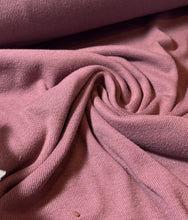Load image into Gallery viewer, Dusty Rose 68% Bamboo 28% cotton 4% spandex rib knit.  1/4 Metre Price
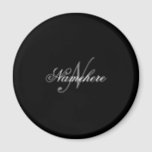 Unique Personalised Black and White Name Monogram Magnet<br><div class="desc">Personalised Unique Black and White Name Monogram Design for anyone.</div>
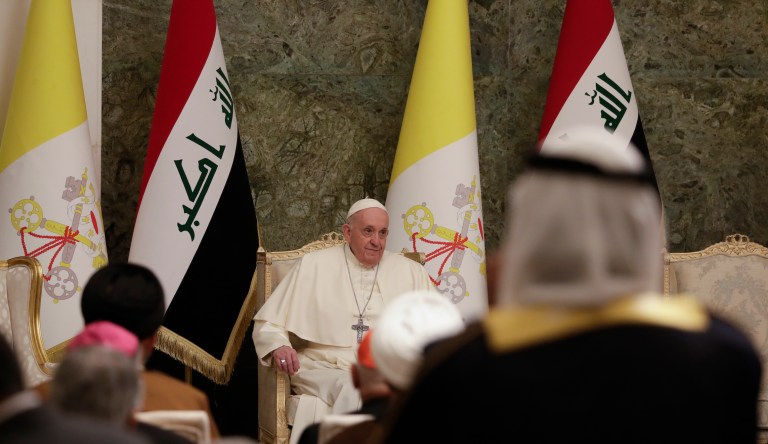 Iran’s proxies fume as Pope Francis meets Shia leader in Iraq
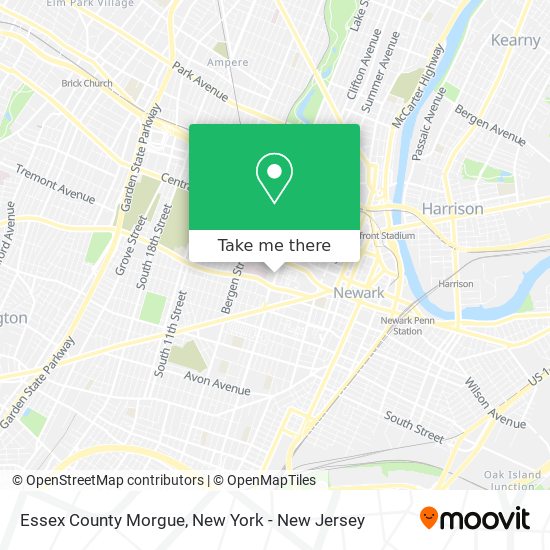 Mapa de Essex County Morgue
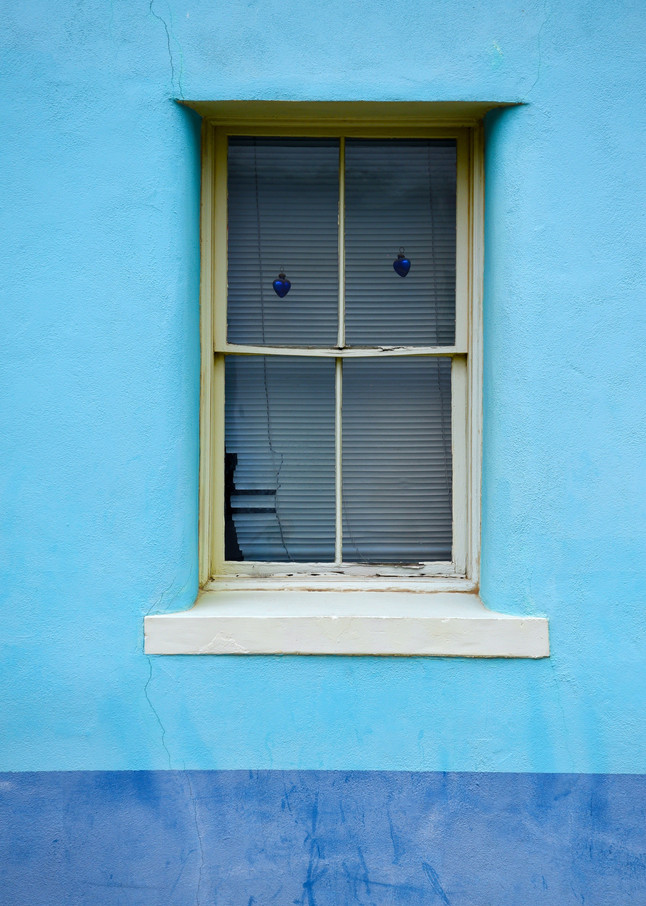 Window, Blue Wall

TASK ITEM: Once the pictures are set aside, write out the entries verbatim.

OUTPUT FOR THIS TASK:
Load image into Gallery viewer, Dusty Rose 68% Bamboo 28% cotton 4% spandex rib knit.  1/4 Metre Price
 Unique Personalised Black and White Name Monogram Magnet<br><div class="desc">Personalised Unique Black and White Name Monogram Design for anyone.</div>
 Iran’s proxies fume as Pope Francis meets Shia leader in Iraq
 Mapa de Essex County Morgue
 Window, Blue Wall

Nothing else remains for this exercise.